### DATA IN THIS EXERCISE
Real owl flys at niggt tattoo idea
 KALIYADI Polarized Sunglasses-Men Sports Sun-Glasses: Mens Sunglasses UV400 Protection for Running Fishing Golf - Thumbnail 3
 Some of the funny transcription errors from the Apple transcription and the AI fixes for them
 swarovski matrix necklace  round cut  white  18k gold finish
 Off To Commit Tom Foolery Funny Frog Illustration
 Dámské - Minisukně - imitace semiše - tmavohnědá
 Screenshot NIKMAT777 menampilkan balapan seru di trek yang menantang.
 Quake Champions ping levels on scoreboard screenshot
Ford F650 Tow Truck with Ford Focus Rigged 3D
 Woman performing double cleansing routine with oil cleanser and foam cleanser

### TASK
Once you find the line containing "Ford F650 Tow Truck with Ford Focus Rigged 3D", copy it and every line after it through the end of the records, exactly as they stand.

### WRITTEN RESPONSE
Ford F650 Tow Truck with Ford Focus Rigged 3D
 Woman performing double cleansing routine with oil cleanser and foam cleanser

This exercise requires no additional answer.